Key insight: The “best” $\alpha$ -free linear approximation $\alpha c_J$ cannot be uniform in $\alpha$ because the second-order term $-\alpha\psi(\alpha)$ depends on $\alpha$ .

# Show asymptotic behavior
J <- 100
alpha_grid <- seq(0.1, 5, length.out = 100)

asymp_data <- data.frame(
  alpha = alpha_grid,
  exact = mean_K_given_alpha(J, alpha_grid),
  log_approx = alpha_grid * log(J) + 1,
  harmonic_approx = alpha_grid * (digamma(J) + 0.5772156649) + 1
)

# Reshape for plotting
asymp_long <- data.frame(
  alpha = rep(alpha_grid, 3),
  mean_K = c(asymp_data$exact, asymp_data$log_approx, asymp_data$harmonic_approx),
  Method = rep(c("Exact", "log(J) + 1", "H_{J-1} + 1"), each = length(alpha_grid))
)

asymp_long$Method <- factor(asymp_long$Method, 
                            levels = c("Exact", "log(J) + 1", "H_{J-1} + 1"))

ggplot(asymp_long, aes(x = alpha, y = mean_K, color = Method, linetype = Method)) +
  geom_line(linewidth = 1) +
  scale_color_manual(values = c("#000000", "#E41A1C", "#377EB8")) +
  scale_linetype_manual(values = c("solid", "dashed", "dotted")) +
  labs(
    x = expression(alpha),
    y = expression(E[K[J] * " | " * alpha]),
    title = expression("Exact Mean vs. Linear Approximations (J = 100)"),
    subtitle = "The approximations diverge for small and large α"
  ) +
  theme_minimal() +
  theme(legend.position = "right")

The exact mean μ_J(α) and its linear approximations.

2.3 Crossover Analysis

Novel Contribution. Define the crossover point $\alpha^*_{K-1}(J)$ as the value where the shifted mean errors are equal: $|\mu_J(\alpha) - 1 - \alpha \log J| = |\mu_J(\alpha) - 1 - \alpha H_{J-1}|.$

Proposition (Limiting Crossover). As $J \to \infty$ : $\alpha^*_{K-1}(J) \to x_* - 1 \approx 0.200,$ where $x_* = \psi^{-1}(-\gamma/2) \approx 1.200$ solves $\psi(x_*) = -\gamma/2$ .

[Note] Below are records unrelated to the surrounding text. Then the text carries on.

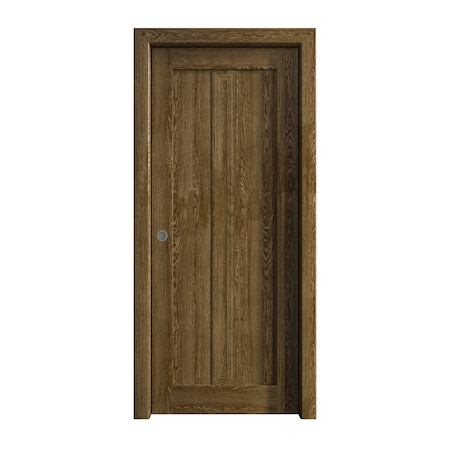 Sartodoors Sliding Pocket Door 24 x 84 inches, Ego 5006 Marble Oak, Kit Rail Hardware, Solid Wood Interior B EGO5006PD-DMR-2484
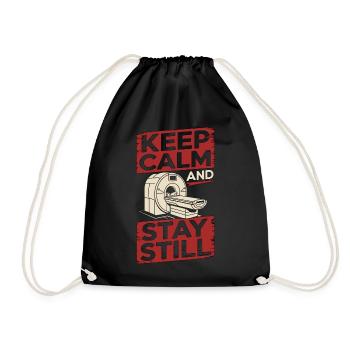 MRI Tech Keep Calm And Stay Still Radiologist - Turnbeutel - Schwarz - Vorne
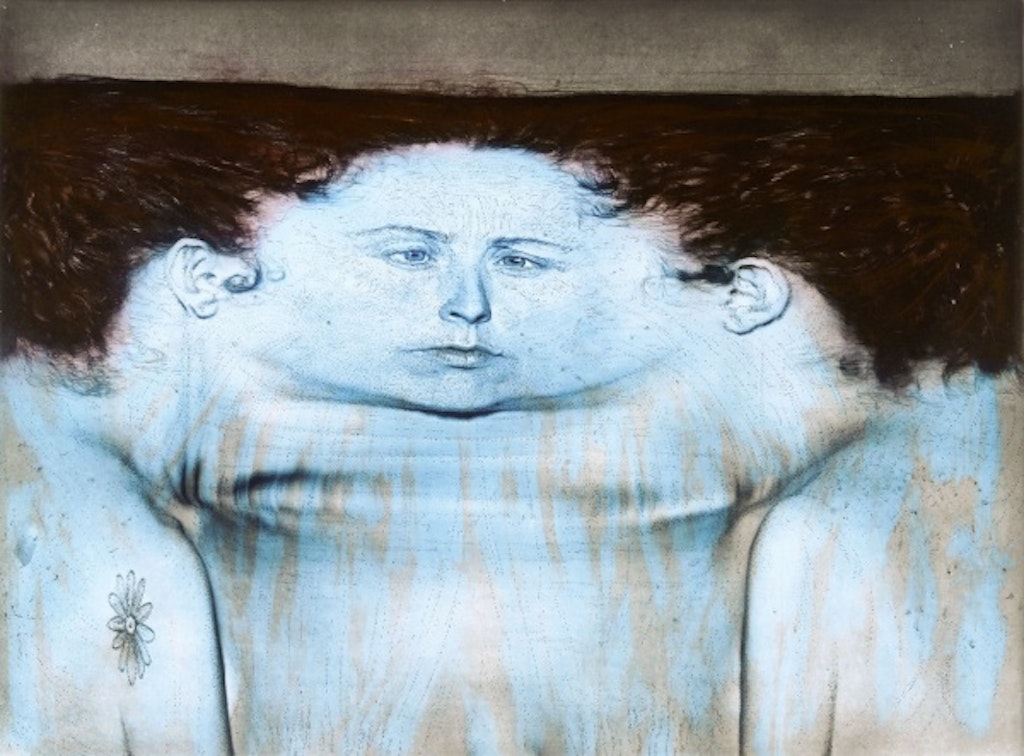 Kiki Smith, My Blue Lake, 1995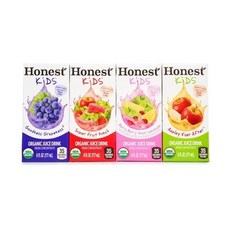 Honest Kids Juice Variety Pack 어니스트 키즈 프룻 주스 버라이어티팩 177ml 40개입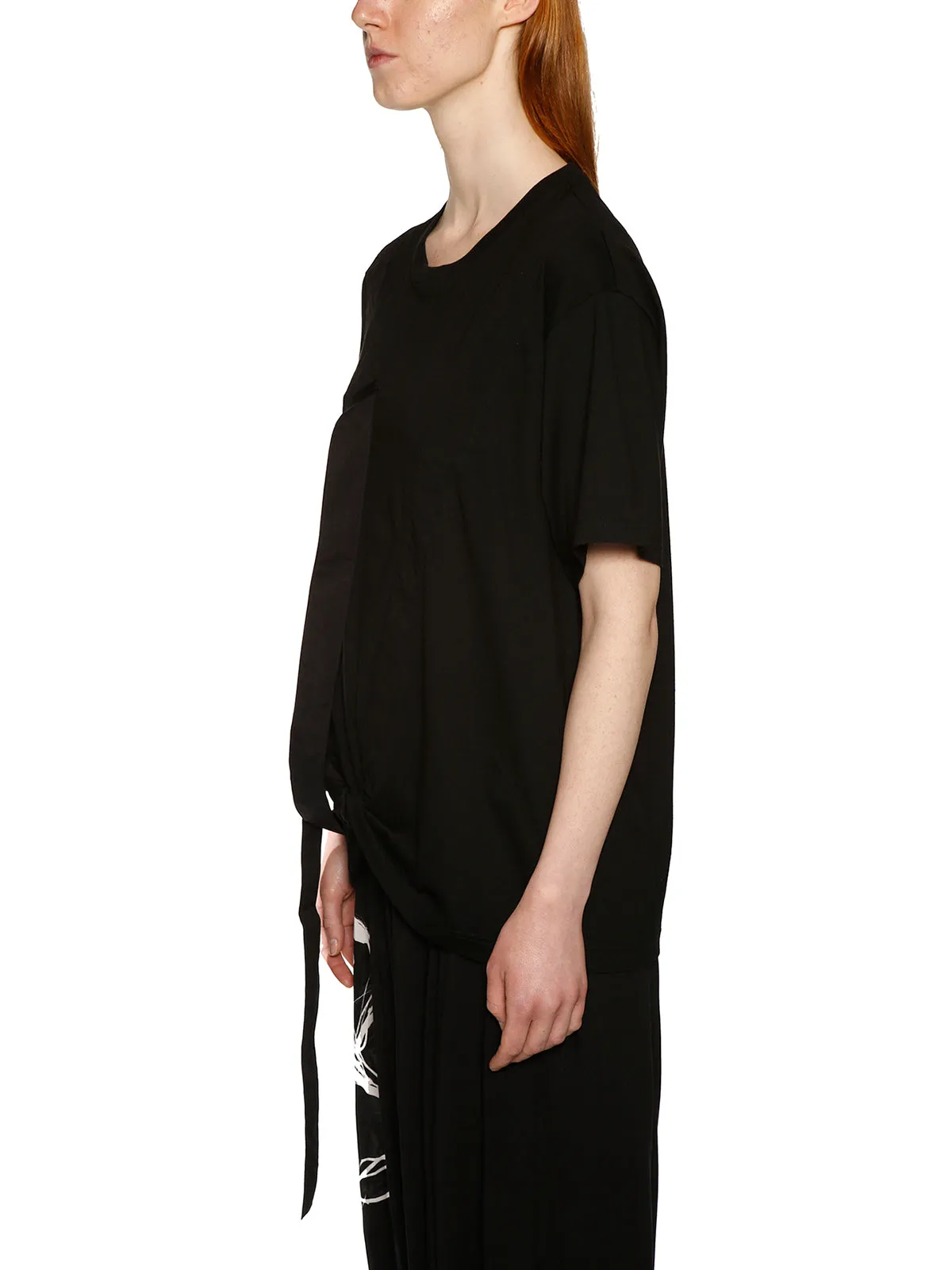 Yohji Yamamoto Uneven Crewneck T-Shirt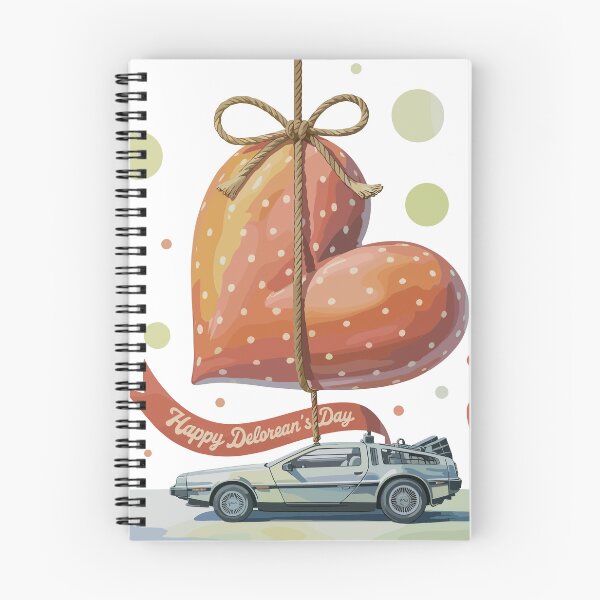 Item preview, Vintage Classic Car Happy Delorean Day designed and sold by PrintCarClub.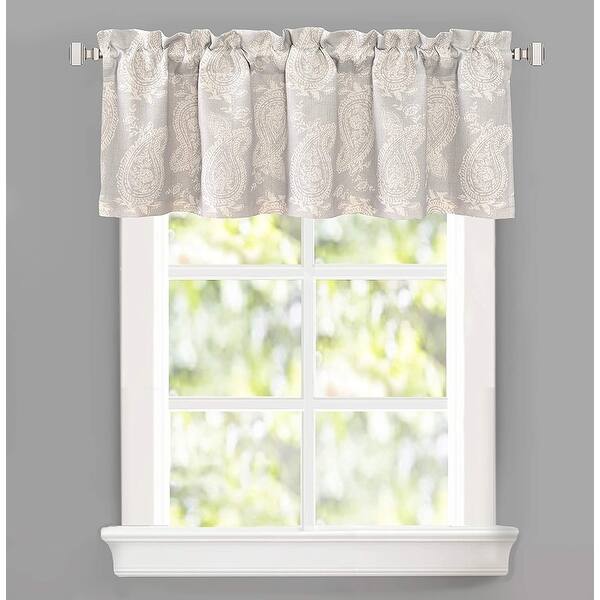 Block print shaped valance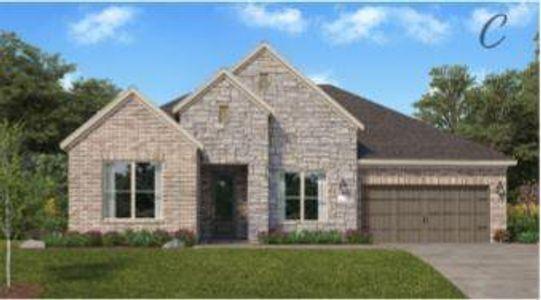 New construction Single-Family house 4818 Avon Ridge Way, Fulshear, TX 77441 Charleston- photo 0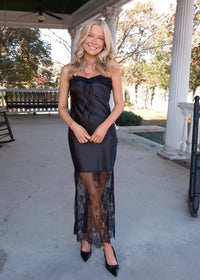 Sallie Lace Midi Dress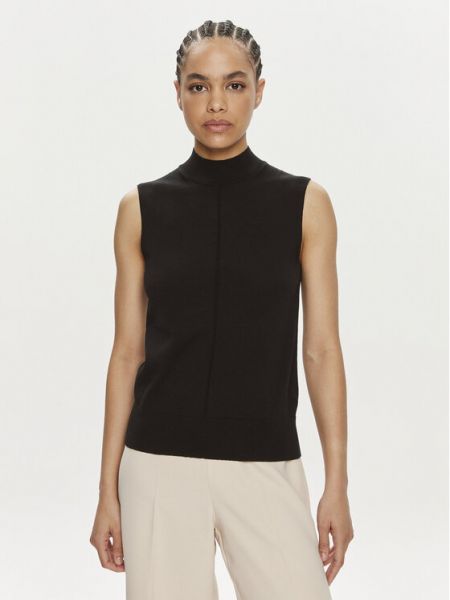 Блуза slim Calvin Klein черно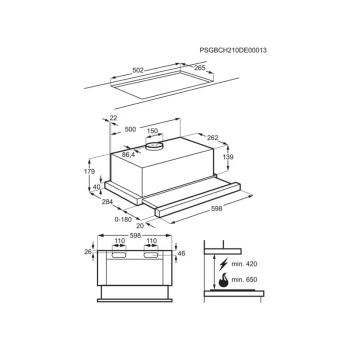 Кухонна витяжка Electrolux - LFP326FW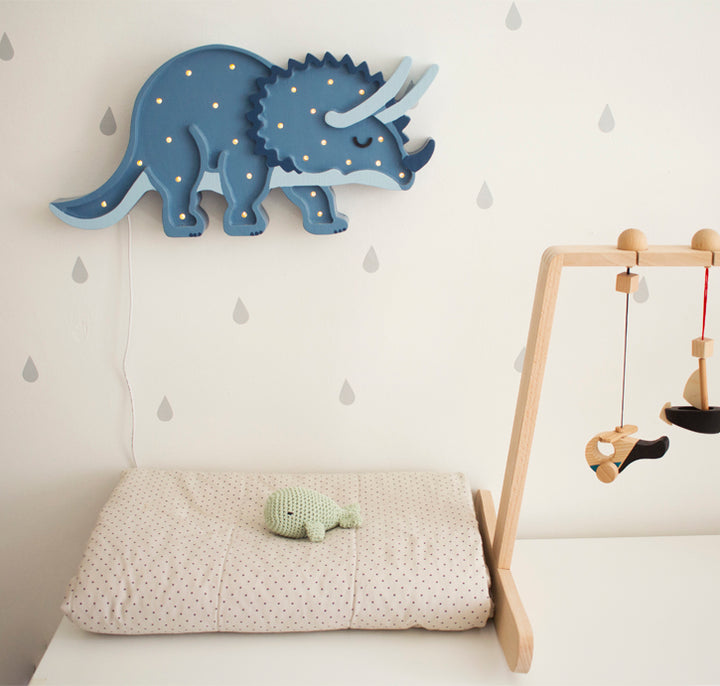 Little Lights Dino Triceratops Lampe - Jurassic Navy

Practical implication: For the shifted mean with $\alpha \gtrsim 0.2$ (which covers essentially all practical applications), the $\log J$ scaling dominates $H_{J-1}$ in terms of mean approximation error.

# Compute mean errors for different scaling choices
J_test <- 50
alpha_grid <- seq(0.1, 3, by = 0.1)

error_df <- data.frame(
  alpha = alpha_grid,
  error_log = abs(mean_K_given_alpha(J_test, alpha_grid) - 1 - 
                  alpha_grid * compute_scaling_constant(J_test, "log")),
  error_harmonic = abs(mean_K_given_alpha(J_test, alpha_grid) - 1 - 
                       alpha_grid * compute_scaling_constant(J_test, "harmonic"))
)

error_df$better <- ifelse(error_df$error_log < error_df$error_harmonic, 
                          "log(J)", "H_{J-1}")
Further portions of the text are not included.